March

Plot

Book One

The book opens with the March 7, 1965, confrontation between civil rights activists and Alabama State troopers on the Edmund Pettus Bridge during "Bloody Sunday".

On March 7, 1965, John Lewis, a young man, stands on the Edmund Pettus Bridge in Selma, Alabama with fellow civil rights activists during the Selma to Montgomery marches on "Bloody Sunday". They are confronted by Alabama state troopers, who order the protestors to turn around. When the protestors refuse, the troopers attack them, beating them and dousing them with tear gas.
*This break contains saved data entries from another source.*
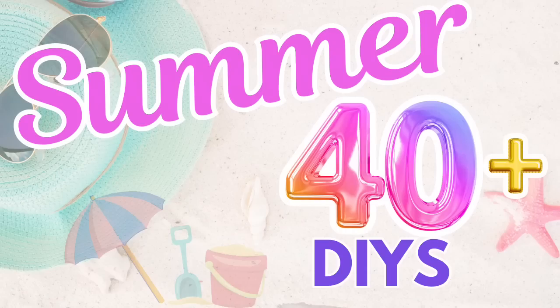Besties, welcome or welcome back. Today I have over 40 summer DIYs to inspire you.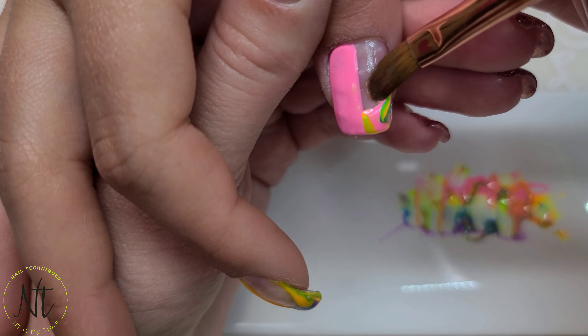So here again, same thing going up the side of the nail, and after just cleaning that smile line up — don't worry if you have a spot that may seem a little bit too bulky. You can just go back in with a clean brush and pull a little bit at the marbling areas and drag it down to where there's no gel. You can see what I mean here where I just grab some of that pink and pull it down and it thins out that bulk.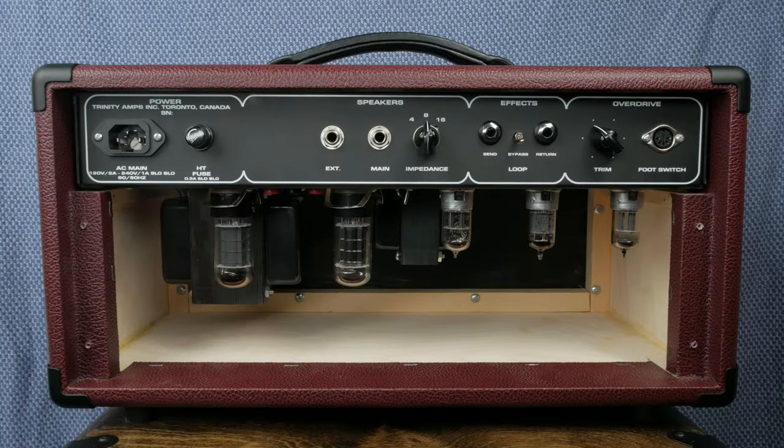The OSD is a lower power version of Howard Alexander Dumble's 50 watt overdrive special. It's perfect for small to medium gigs and really shines for recording. I can even pick it up without getting a hernia. The amp has two channels that can be selected via foot switch: clean and overdrive. There's also a foot switchable boost. The OSD leverages a solid state rectifier making the amp tight with very little sag. It's a pretty slick setup.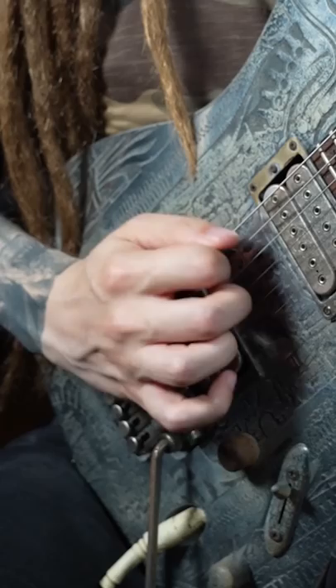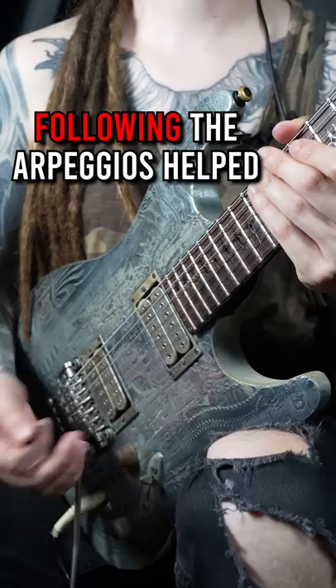I used to keep my palm anchored on the bridge, but as you can see, I end up with a completely different picking angle, which gave me inconsistent results. As soon as I loosened up my hand and started following the arpeggios, things improved.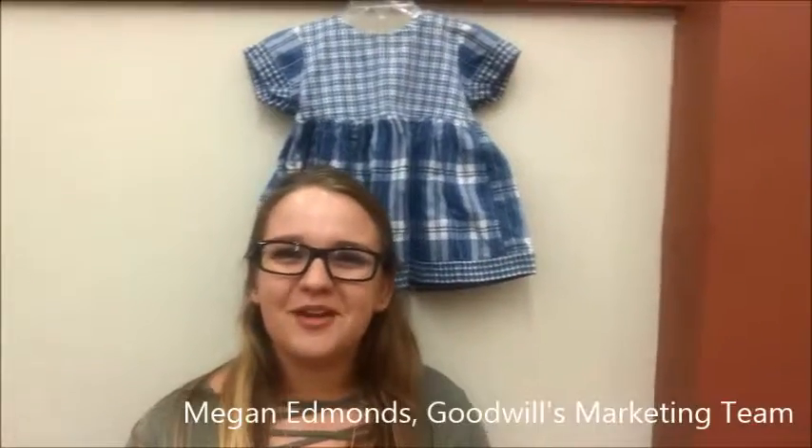Hello everyone, it's Megan from your local Goodwill. I just wanted to show another really simple costume that you can put together with local Goodwill finds. Now this is for a little girl obviously, but this dress would be perfect for a Dorothy outfit.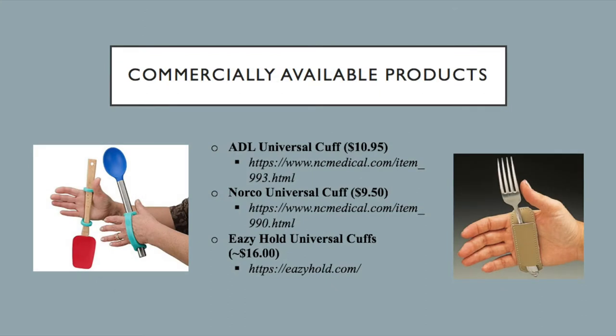There are several commercially available products for the universal cuff. A simple search on Amazon brings up a variety of products ranging in price from approximately $9 and up. The picture on the left is the Easy Hold Universal Cuff, which is a silicone cuff that can slide onto a handle and comes in a variety of sizes and colors. The cuff on the right is the Norco Universal Cuff, which is another cuff we've probably all seen several times.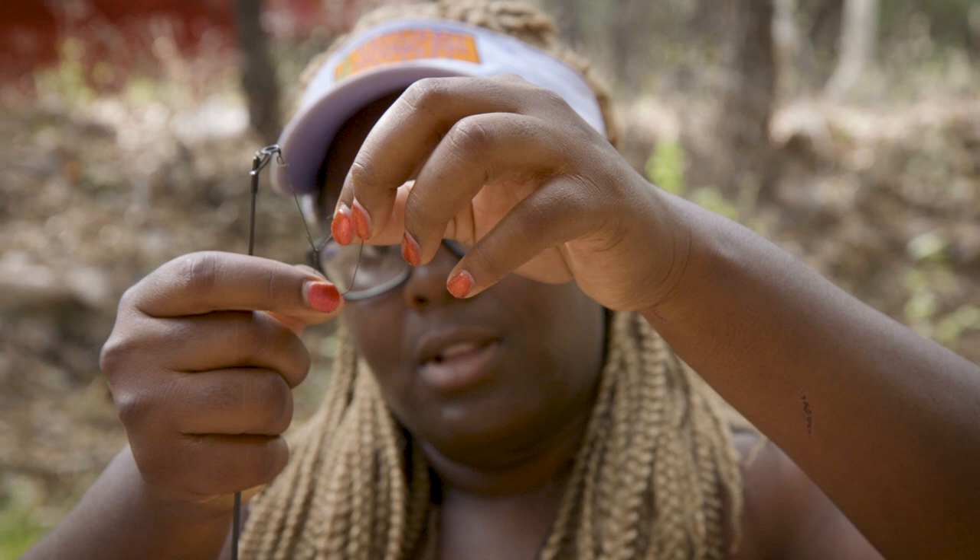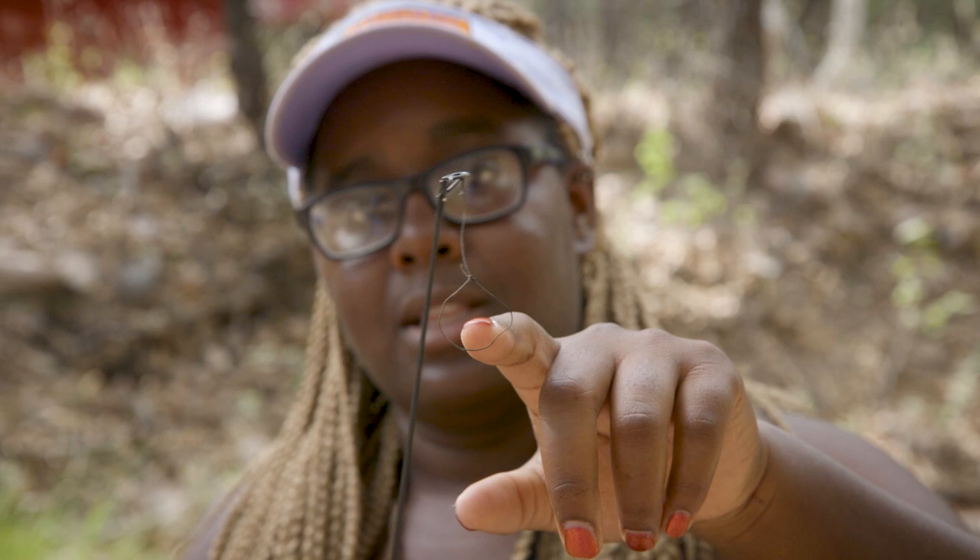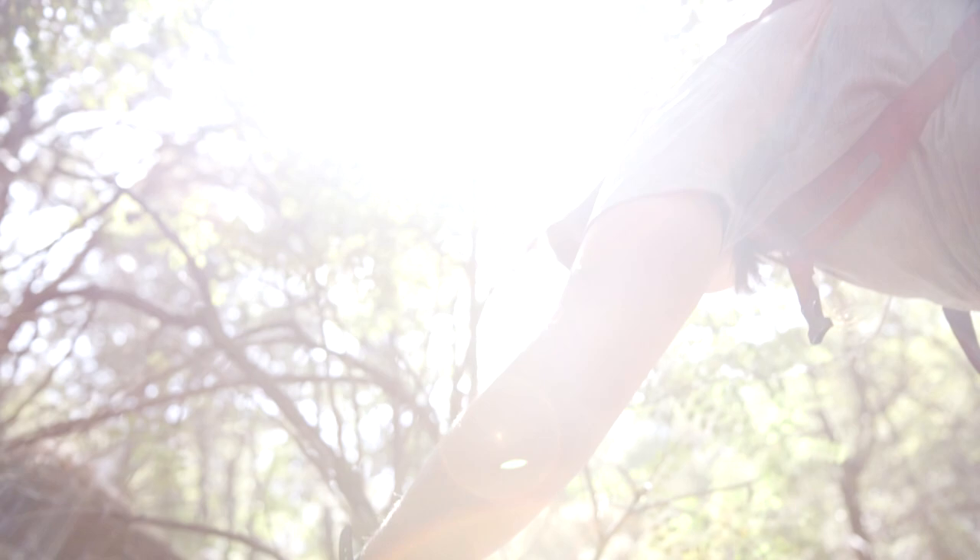Get this knot over the lizard's head — we can pretend my finger is the lizard's head. And then once I get the noose over it, I just gently pull up and then it tightens and I have captured the lizard.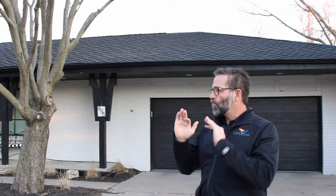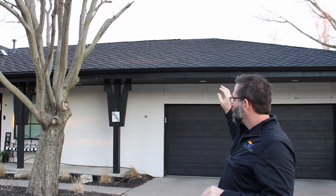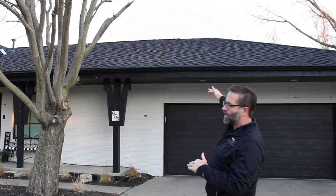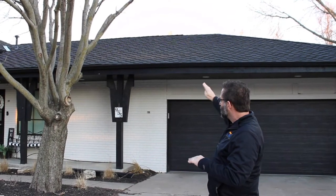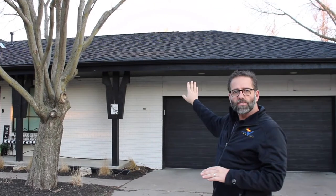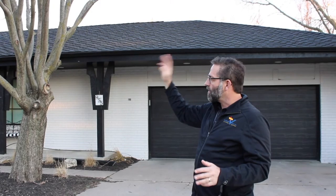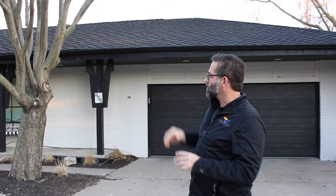Hey, this is Todd with Develli & Company with a couple design things. When you're thinking about painting your house, first, to paint the soffit and fascia — your soffit is underneath the eave and your fascia is what your gutters are attached to. Also in this house, everywhere there's fascia is where the gutters are attached.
The scene cuts to the book's framing sequence, set on January 20, 2009, with Lewis, now a U.S. congressman for Georgia's 5th congressional district, waking up and preparing for the first inauguration of Barack Obama.[5] He is greeted at his office by a woman from Atlanta and her two young sons, who want to learn about their history.

Lewis begins telling the family his life story, beginning as a young boy taking care of his parents' chickens on the 110 acres of cotton, corn and peanut fields in Pike County, Alabama that his father bought for $300 cash in 1940. Though Lewis was fond of his chickens and took pride in their care, he really wanted to be a preacher when he grew up, having been inspired by the Bible that an uncle of his gave him for Christmas when he was four years old. By the time he was five, he could read it by himself, having been particularly captivated by the passage in John 1:29 "Behold the lamb of God, which taketh away the sins of the world." As Lewis grew older, he began spending more time doing schoolwork, studying and learning more about what was happening in the world around him, which would later lead to his involvement in the Civil Rights Movement.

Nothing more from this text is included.